According to Ago, the timing is crucial, as Travelodge’s company voluntary arrangement (CVA) includes a provision for landlords to exercise a break option, or extend their leases with Travelodge by August 28.

Landlords who choose the lease extension forfeit their rights to exercise a break option.

New entity Ago is offering landlords a profit share in their own properties, as well as the entire Ago Hotels portfolio.
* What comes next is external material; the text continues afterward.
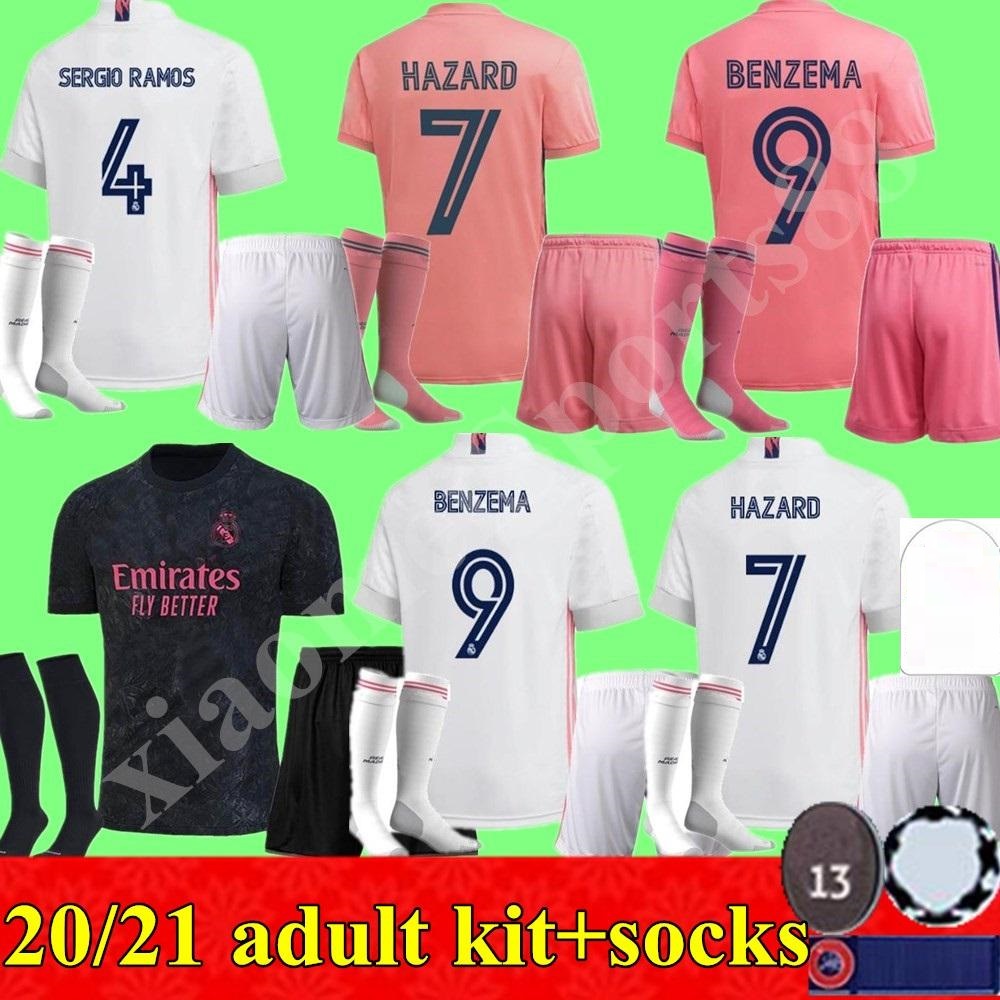 

2020 2021 REAL MADRID jerseys 20 21 soccer jersey HAZARD SERGIO RAMOS BENZEMA VINICIUS camiseta football shirt uniforms Men kit sets, Black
The operating platform has partnered with Accor, which will operate the hotels under its Ibis brand. In addition to meeting conversion costs and working capital requirements, Accor is also providing an ongoing financial facility, which Ago Hotels can draw-down to meet rent payments. According to the partners, this facility will ensure that rent will always be paid in the unlikely event of a sustained period of zero revenue in future.

Viv Watts, head of the action group, called the Travelodge lease extension 'worthless … like giving someone a pair of shoes but telling them to walk 100 miles barefoot to get them'.
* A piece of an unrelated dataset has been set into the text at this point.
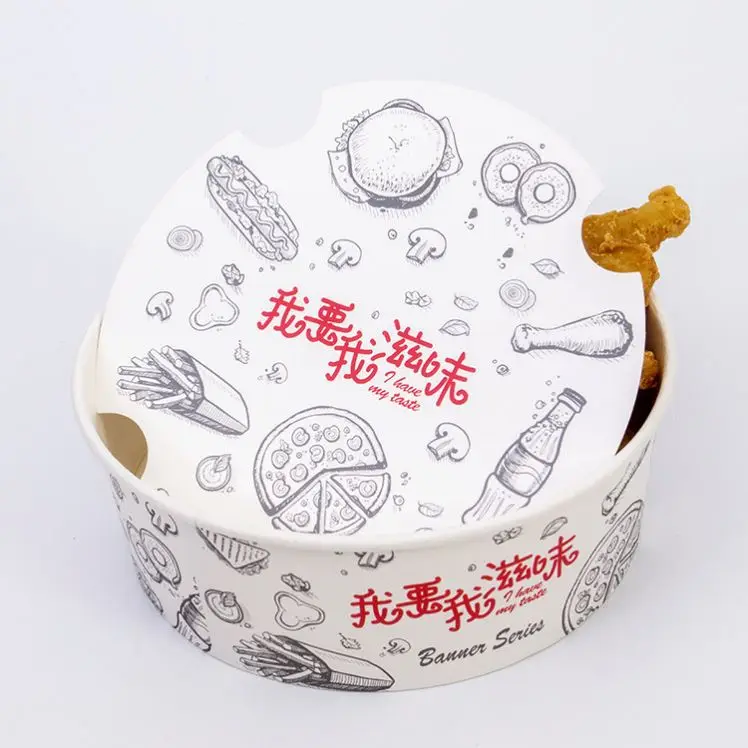 64Oz Disposable Big Size Custom Printed Paper Popcorn Cups With Plastic Lids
Sebastien Bazin, CEO of Accor, said that Ago Hotels presented an opportunity for landlords to 'venture forward into the future of commercial real-estate where you can be an actor rather than a spectator of your fate'.

Speaking at a meeting with Travelodge landlords earlier this month, Bazin commented: 'The Ibis family stands itself as a brand which sees the highest certainty of achieving 75% occupancy, the best RevPAR Index and the greatest flexibility with respect to branding due to the 3 brands within the family.

Bazin added: 'Travelodge landlords should be comfortable with Accor’s commitment to the UK market; as a matter of fact Ibis has actually been in the UK for 10-years longer than Travelodge (since 1974) and it continues to see the UK market as a growth vector for the organisation.'

In June, Travelodge agreed a CVA with landlords to cut rent payments across its 580 hotels for the rest of 2020 and the whole of 2021.

However, property owners extracted lease-break concessions and bought time for creditors to challenge the terms.